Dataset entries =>

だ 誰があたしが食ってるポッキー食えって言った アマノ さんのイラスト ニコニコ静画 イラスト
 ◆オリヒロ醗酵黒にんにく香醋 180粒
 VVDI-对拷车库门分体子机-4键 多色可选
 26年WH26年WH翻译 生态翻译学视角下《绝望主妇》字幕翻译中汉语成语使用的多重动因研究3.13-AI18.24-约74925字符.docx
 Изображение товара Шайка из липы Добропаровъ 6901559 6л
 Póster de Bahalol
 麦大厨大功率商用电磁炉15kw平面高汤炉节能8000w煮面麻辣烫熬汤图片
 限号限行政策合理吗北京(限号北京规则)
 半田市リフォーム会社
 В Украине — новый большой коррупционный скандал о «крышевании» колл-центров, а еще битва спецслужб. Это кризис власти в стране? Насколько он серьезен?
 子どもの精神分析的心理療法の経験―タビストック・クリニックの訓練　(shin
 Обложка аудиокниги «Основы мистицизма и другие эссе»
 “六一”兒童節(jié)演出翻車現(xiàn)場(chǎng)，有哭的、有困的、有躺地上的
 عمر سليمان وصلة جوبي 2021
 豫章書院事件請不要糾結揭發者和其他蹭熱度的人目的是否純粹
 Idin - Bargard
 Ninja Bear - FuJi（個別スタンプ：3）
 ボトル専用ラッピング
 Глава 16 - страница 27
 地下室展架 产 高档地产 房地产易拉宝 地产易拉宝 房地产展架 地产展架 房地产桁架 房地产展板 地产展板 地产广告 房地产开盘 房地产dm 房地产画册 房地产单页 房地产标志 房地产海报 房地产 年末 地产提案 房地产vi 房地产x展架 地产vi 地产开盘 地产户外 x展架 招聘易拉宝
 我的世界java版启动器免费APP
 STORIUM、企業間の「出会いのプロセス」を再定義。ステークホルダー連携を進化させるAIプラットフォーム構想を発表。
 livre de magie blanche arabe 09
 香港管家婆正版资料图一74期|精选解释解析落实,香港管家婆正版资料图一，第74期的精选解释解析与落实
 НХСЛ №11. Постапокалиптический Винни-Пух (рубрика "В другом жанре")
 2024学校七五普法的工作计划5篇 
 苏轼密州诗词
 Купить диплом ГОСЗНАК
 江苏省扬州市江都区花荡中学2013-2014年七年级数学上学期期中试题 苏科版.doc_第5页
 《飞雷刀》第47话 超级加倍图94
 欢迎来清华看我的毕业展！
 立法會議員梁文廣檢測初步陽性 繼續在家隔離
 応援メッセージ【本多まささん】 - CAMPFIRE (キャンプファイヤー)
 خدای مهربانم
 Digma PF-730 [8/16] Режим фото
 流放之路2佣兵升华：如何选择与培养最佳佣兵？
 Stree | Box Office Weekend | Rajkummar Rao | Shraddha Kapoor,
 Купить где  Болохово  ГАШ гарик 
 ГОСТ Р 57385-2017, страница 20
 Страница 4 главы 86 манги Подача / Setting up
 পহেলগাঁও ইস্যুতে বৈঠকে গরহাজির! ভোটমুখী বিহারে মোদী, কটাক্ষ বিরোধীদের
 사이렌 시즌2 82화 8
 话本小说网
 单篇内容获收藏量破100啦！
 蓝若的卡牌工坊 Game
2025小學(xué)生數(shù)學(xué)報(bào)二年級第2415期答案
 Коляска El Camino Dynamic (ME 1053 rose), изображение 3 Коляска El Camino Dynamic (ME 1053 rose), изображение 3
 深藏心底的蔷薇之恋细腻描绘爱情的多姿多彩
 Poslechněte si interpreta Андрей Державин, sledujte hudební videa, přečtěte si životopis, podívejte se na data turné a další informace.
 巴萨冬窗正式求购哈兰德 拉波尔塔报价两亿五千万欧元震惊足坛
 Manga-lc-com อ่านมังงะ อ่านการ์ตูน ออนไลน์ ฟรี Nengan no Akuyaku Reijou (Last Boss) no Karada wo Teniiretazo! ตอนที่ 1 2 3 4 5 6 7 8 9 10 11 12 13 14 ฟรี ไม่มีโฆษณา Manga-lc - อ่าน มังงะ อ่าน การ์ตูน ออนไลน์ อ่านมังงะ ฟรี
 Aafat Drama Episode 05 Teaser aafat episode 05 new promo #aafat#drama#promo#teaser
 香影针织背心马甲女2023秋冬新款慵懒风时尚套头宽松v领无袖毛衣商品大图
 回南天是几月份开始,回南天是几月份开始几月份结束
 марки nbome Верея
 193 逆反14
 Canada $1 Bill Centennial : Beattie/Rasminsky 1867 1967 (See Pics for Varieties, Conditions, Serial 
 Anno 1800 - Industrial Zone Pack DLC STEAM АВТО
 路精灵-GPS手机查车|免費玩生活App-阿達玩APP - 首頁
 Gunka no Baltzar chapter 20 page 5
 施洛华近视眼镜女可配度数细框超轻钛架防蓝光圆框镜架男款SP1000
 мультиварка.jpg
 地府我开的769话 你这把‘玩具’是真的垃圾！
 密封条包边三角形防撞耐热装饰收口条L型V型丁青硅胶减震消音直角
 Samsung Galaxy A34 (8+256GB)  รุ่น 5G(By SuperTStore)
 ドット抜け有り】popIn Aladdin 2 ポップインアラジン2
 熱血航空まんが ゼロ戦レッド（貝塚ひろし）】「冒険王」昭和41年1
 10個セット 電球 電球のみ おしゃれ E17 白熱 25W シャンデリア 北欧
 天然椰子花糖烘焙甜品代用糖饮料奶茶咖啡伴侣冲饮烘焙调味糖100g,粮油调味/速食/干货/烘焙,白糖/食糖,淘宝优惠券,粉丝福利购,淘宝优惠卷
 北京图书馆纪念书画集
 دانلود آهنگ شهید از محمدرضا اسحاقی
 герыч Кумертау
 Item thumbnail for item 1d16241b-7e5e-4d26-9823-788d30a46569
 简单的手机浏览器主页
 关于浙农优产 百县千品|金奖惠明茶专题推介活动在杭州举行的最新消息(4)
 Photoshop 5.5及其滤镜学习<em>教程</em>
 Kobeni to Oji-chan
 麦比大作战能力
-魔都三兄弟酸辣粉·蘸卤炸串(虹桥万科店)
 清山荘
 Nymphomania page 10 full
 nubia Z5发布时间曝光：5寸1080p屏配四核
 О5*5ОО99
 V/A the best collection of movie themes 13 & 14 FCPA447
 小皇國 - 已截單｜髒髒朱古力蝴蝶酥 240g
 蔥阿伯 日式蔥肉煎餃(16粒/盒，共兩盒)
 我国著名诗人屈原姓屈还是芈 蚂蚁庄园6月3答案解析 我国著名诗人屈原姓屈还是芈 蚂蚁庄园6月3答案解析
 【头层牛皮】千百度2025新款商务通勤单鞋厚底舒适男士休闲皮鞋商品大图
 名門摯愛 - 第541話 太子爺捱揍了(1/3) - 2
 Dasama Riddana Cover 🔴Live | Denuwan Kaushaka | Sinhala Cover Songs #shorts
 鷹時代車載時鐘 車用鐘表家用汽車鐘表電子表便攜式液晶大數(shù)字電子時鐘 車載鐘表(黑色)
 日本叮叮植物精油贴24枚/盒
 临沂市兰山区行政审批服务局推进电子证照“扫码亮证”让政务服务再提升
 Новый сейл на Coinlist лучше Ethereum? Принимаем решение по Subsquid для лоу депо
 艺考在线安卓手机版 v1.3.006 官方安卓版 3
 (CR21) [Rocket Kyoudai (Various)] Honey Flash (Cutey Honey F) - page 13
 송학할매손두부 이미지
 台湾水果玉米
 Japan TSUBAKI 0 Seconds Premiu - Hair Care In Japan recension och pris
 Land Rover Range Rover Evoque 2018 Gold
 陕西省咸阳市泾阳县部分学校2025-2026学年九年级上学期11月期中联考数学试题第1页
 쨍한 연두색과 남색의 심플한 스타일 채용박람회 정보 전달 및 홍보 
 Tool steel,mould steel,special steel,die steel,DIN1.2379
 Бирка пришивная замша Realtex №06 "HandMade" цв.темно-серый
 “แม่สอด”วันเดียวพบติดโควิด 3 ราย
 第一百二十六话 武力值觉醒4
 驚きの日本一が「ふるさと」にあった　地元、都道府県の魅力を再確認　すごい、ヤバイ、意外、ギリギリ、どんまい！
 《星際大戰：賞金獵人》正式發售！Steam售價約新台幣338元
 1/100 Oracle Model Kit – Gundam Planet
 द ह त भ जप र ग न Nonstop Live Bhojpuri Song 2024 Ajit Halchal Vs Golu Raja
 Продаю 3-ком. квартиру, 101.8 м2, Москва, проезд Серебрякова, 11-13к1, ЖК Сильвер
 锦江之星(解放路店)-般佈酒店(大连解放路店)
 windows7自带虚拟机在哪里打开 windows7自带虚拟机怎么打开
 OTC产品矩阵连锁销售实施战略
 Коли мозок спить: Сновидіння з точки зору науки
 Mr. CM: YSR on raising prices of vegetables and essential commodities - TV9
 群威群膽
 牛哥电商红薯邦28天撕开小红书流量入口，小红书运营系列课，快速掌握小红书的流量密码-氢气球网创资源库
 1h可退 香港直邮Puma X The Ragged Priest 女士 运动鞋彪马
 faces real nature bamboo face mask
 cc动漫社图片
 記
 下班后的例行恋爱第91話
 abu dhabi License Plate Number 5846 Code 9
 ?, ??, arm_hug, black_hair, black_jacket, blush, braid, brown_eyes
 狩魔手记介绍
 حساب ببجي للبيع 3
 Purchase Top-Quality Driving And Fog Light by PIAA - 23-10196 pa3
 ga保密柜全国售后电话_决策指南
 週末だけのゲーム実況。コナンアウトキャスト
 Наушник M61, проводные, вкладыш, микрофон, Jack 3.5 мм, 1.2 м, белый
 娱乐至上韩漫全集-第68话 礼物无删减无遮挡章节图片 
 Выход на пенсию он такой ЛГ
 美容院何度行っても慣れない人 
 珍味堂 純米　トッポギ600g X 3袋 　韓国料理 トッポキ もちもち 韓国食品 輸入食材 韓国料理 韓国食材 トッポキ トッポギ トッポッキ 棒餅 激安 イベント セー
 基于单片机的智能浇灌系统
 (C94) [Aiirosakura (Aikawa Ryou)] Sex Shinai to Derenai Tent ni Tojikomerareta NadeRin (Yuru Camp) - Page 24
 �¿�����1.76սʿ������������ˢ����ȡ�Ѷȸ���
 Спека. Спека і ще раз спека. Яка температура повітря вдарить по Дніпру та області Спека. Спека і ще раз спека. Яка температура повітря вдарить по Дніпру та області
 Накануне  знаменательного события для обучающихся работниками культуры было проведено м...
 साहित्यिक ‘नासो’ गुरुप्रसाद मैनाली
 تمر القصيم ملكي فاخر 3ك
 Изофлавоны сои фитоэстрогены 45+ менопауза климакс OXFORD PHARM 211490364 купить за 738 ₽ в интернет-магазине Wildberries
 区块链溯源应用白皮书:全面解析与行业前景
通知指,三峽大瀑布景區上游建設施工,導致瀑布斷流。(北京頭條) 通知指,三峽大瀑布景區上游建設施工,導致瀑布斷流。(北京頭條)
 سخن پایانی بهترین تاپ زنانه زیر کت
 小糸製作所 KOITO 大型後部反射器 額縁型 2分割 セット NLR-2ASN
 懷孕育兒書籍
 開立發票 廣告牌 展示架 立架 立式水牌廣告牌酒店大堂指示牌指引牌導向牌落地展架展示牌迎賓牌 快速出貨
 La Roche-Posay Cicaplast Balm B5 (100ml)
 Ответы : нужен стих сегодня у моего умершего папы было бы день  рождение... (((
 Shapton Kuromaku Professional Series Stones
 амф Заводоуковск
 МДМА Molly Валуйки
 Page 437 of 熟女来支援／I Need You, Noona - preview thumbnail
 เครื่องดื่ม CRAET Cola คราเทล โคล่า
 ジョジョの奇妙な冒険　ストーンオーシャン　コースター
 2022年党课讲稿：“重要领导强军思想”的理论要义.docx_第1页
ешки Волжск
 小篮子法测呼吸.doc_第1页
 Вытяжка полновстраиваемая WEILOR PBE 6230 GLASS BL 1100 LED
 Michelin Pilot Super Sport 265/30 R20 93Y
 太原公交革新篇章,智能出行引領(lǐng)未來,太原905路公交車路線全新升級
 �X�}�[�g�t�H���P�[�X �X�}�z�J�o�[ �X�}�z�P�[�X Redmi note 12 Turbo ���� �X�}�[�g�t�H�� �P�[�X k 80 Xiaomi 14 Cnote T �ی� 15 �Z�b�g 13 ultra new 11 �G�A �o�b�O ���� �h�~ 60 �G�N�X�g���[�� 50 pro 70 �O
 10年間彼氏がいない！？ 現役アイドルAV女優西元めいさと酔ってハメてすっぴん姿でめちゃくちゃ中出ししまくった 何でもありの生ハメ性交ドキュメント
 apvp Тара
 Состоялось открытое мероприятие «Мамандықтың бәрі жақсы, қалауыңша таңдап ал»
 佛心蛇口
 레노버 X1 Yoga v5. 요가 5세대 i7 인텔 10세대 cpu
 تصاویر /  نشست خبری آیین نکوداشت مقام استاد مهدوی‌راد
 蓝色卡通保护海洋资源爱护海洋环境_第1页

Your assignment =>
Having found the line with "Состоялось открытое мероприятие", transcribe it and each line after it to the end of the entries, with no other lines.

Output of the exercise =>
 Состоялось открытое мероприятие «Мамандықтың бәрі жақсы, қалауыңша таңдап ал»
 佛心蛇口
 레노버 X1 Yoga v5. 요가 5세대 i7 인텔 10세대 cpu
 تصاویر /  نشست خبری آیین نکوداشت مقام استاد مهدوی‌راد
 蓝色卡通保护海洋资源爱护海洋环境_第1页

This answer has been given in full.